Thanks for posting OP!


----------



## marshmasterpat (Jun 26, 2013)

Frustrateddrone - I feel for you, the SHB can sure sneak up on you. I do the cut outs at the location on everything. Place combs in a nuc and come back after dark. Learned that from JPthebeeman videos. Leave all the junk comb and debris at the location in a trash can there or place in a plastic tied shut bag at my house. Black plastic bag left in the summer sun will kill most anything. 

Owl and Duck nest boxes seem to have lots of debris in them like Chuck said. I would bet between the disturbance and loss of some bees those larvae in the bottom of the box went crazy. Maybe wrong, but seem feasible. 

I have even framed up capped honey and pollen in rubber bands from cut outs. Good comb with no brood or no honey is cut to fit frames size as well.

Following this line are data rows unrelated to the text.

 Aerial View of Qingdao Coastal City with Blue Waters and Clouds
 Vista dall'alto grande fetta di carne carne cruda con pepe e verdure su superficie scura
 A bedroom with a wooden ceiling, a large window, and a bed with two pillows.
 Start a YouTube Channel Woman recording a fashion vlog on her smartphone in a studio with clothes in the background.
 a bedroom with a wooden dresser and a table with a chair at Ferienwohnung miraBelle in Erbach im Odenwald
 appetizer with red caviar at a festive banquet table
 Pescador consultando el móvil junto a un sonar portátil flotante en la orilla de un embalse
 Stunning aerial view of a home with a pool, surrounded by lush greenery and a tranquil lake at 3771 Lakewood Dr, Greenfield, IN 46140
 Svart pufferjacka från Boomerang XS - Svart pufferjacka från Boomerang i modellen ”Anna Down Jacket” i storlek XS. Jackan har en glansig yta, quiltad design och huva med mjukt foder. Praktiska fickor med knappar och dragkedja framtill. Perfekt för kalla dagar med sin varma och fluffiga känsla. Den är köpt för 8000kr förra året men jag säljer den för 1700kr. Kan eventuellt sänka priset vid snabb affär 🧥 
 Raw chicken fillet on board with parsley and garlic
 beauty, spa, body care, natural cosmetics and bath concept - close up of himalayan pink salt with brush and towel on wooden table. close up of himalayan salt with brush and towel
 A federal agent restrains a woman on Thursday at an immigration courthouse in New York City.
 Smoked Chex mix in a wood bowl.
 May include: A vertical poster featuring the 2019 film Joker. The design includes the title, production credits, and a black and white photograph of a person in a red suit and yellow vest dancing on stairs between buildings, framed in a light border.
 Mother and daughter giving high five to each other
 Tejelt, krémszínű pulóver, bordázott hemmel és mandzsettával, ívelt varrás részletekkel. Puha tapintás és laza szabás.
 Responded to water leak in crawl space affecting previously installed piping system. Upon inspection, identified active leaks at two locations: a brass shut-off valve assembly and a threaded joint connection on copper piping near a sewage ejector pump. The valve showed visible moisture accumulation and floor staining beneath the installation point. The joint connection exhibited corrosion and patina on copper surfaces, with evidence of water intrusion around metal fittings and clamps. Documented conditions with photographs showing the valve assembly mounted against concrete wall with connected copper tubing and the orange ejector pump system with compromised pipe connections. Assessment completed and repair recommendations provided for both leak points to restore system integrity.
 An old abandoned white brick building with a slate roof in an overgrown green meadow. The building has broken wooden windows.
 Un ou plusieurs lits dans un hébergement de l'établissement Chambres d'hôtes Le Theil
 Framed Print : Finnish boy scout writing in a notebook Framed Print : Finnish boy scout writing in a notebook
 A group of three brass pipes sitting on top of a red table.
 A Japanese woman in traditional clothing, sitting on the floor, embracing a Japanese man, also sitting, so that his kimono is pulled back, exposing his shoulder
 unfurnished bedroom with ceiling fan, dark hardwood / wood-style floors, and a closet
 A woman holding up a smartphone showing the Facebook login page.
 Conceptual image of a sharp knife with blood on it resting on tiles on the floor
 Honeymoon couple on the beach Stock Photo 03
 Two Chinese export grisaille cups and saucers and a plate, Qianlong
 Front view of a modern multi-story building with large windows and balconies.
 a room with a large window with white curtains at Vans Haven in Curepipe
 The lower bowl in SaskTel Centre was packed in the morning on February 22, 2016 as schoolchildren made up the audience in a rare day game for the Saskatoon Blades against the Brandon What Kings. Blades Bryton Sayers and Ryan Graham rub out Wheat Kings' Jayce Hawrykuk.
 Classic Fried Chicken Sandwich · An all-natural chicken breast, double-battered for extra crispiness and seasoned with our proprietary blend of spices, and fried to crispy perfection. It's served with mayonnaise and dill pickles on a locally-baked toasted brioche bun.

I have a plastic tote with a wooden frame I place all the new framed stuff in and holds them in place like a hive till I get home. I place all that in the freezer for a few days and handle it gently when taking it out. Comb is valuable for me. Drone brood is tossed and new comb with honey is usually bucketed for feeding to the yard. 

But might be worth me reconsidering my technique, in some ways you might have been lucky to just brought those SHB pests back. Could be worse I guess with something like foul brood. Good advice, thanks and good luck


----------